In 2006, there were also efforts to manipulate black voters. Leaflets were distributed throughout predominately minority neighborhoods, warning voters to stay away from the polls if they hadn't paid their parking tickets or child support. Or claiming, falsely, that black leaders had endorsed Republicans.

"The colors of the material were in red, black and green, all designed to encourage African-American voters to think that their African-American representatives were supporting Republican candidates for the Senate seat and the governor's seat," said Sherrilyn Iffil, professor at the University of Maryland Law School and co-chair of the Maryland Attorney General's task force on voter irregularities.

Maryland is doing its best to make sure there are enough properly trained "election judges," better known outside Maryland as poll workers, to handle the crowds.
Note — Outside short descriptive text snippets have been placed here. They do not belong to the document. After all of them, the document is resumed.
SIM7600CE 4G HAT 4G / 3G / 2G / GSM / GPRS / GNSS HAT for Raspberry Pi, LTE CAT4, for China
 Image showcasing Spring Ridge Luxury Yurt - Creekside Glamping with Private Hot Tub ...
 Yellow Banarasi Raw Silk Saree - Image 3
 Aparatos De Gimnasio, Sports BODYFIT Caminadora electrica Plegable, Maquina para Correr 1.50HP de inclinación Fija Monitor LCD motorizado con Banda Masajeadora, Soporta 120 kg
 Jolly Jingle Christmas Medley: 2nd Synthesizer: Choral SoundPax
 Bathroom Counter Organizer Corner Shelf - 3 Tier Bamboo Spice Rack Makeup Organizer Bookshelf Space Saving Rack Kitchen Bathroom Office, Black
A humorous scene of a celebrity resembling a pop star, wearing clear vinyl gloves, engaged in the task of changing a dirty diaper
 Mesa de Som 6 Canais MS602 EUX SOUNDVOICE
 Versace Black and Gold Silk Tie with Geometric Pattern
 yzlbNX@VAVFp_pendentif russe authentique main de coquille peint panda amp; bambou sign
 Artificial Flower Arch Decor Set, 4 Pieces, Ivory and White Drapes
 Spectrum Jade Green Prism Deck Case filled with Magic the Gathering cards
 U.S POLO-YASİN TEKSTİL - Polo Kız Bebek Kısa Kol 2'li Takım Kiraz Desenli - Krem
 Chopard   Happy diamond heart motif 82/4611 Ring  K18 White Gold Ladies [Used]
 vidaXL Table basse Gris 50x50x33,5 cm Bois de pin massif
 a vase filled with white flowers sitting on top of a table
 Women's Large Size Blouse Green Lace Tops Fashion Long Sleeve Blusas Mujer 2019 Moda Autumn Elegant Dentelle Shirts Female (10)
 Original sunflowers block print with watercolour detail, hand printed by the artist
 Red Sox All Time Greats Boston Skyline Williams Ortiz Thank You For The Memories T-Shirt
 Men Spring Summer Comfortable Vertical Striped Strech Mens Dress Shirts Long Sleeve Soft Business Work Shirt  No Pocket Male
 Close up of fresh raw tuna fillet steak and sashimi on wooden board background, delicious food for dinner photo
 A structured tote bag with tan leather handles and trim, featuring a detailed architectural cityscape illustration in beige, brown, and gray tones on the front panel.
Voters will cast their ballots electronically on high-tech terminals. But the state legislature doesn't trust the new state-of-the-art electronic system, because it realizes there's no piece of paper to double check. After November, Maryland officials plan to return to paper ballots.

Unsure about the fate of their expensive machines, officials said they would likely be sold to another state. The previous voting machines ended up in California's Los Angeles County.

Since voting laws are determined state by state and applied county by county, there's no consistent national standard for voting procedures, even in a presidential campaign.

"Clearly the management of the election itself is going to be at the local level," Cardin said. "But I do think these are national issues. And we do have a responsibility to make sure that everyone can cast their vote and their vote will be counted."

But Maryland's problems are by no means unusual. The watchdog group Common Cause looked at 10 battleground states and found voting irregularities of one sort or another in each of them.

With millions of new voters expected to flock to the polls this year, worry lingers whether the vote will be both fair and secure.